I told them about a certain king who lacked for nothing, but who never had any dreams. Because of this he was afraid to go to sleep, because when he got into bed it was like he was lying down in his coffin. Though his bed was made of solid gold and he had a quilt of the finest down, and down pillows too. The greatest doctors on earth were brought in, they cast all kinds of spells on him, gave him different herbs to drink, they poulticed him with flowers and scents, they played music for him without cease and six naked women danced for him, but he didn’t dream of so much as a daisy in the meadow. Nothing. Every royal night was an empty hole. He prostrated himself, he wore sackcloth, he even took off his golden crown set with diamonds and put on a crown of blackthorn. And he prayed endlessly, to different gods. Because some people advised him to pray to one god because that god was a king himself and he was more merciful than the others, while for another god faith was a great dream, and he might be granted some of that for one night at least.
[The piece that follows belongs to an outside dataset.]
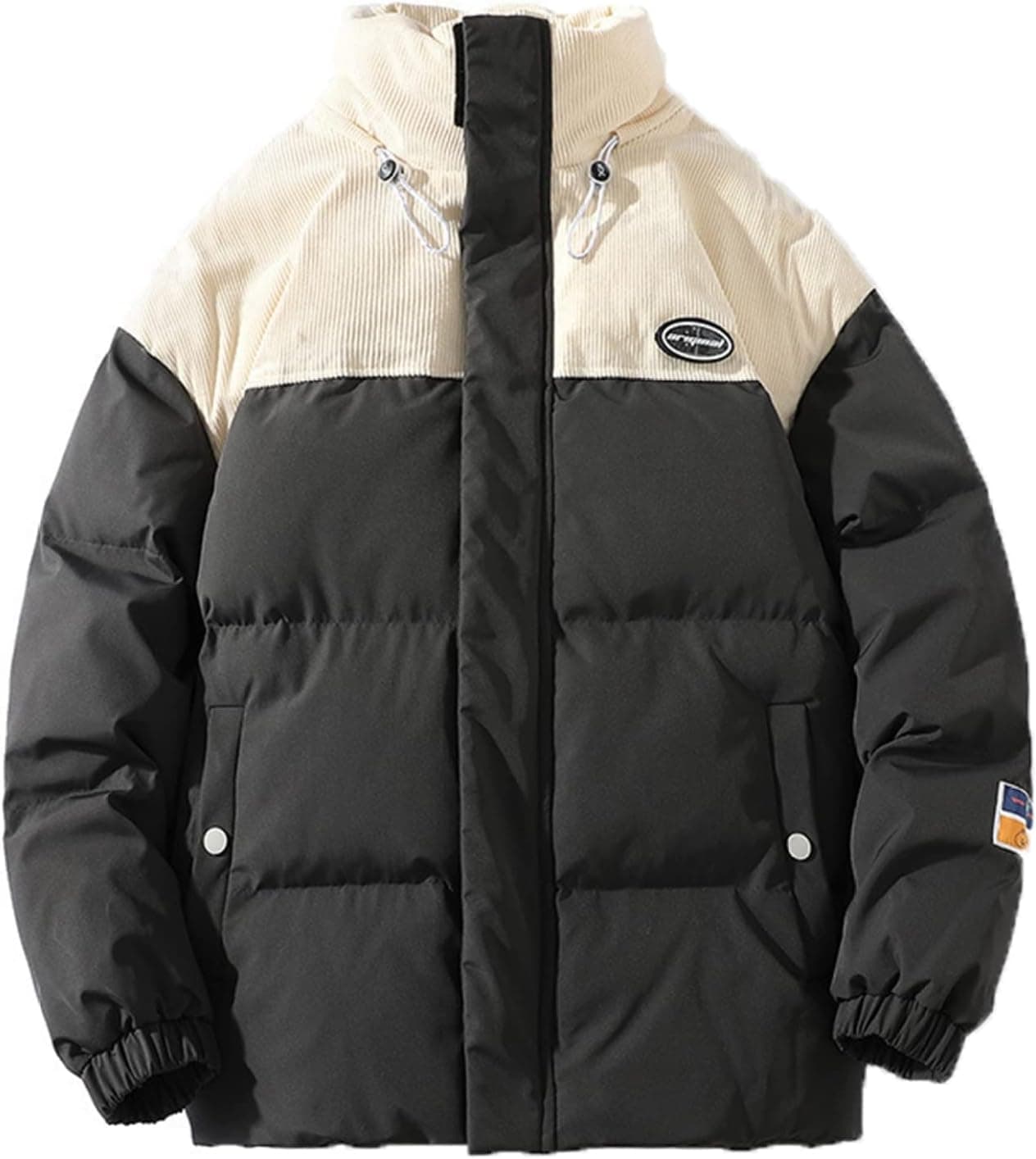 ダウンコットン 中綿ジャケット 厚手 冬 メンズ スタンドカラー アウター 防寒対策 暖か カジュアル バイカラー ジップアップ 綿服 ワークウエア 大きいサイズ アウトドア 通勤通学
He built churches and almshouses, he washed the feet of the poor, anyone could walk into his palace as if it was his own cottage, and no one ever left empty-handed. In the end he grew thin as a lath and his brother started making secret preparations to take his place, because through all this time the kingdom had been shrinking like a fist. Just like one farmer will start plowing over another farmer’s land, his neighbors were doing the same, plowing over his kingdom from every side, and not just in the spring and fall but all the time. He got sicker and sicker, his servants caught him talking to himself and laughing, shouting, threatening himself with his fist and stamping his foot. He thought about throwing himself off a cliff, because what kind of life was it when you didn’t have any dreams, even if you were the king. It was like he was only half living, he lived in the day but he died at night. Imagine dying like that for years and years, when even dying once is so hard.